Materials provided

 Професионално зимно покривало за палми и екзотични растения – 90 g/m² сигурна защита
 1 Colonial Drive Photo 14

==

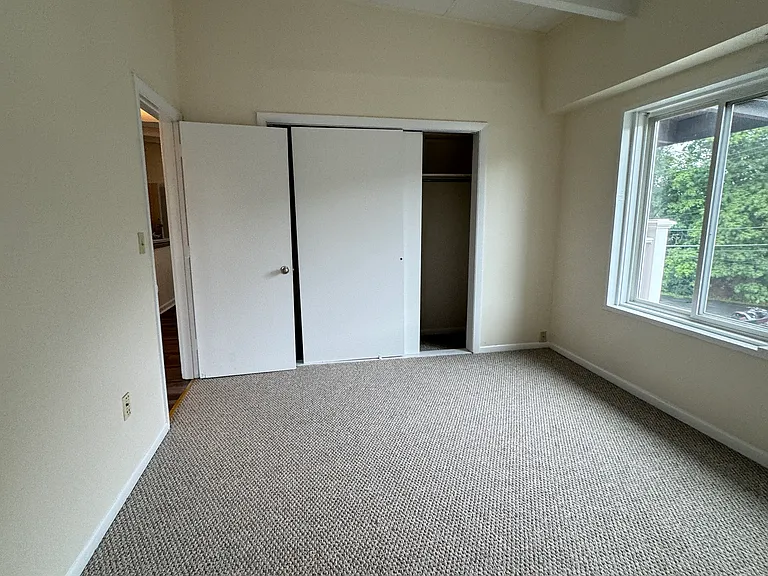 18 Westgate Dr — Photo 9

Your instructions
Print exactly the lines above from the one with "Професионално зимно покривало" to the one with "1 Colonial Drive Photo 14", including both.

Response below
 Професионално зимно покривало за палми и екзотични растения – 90 g/m² сигурна защита
 1 Colonial Drive Photo 14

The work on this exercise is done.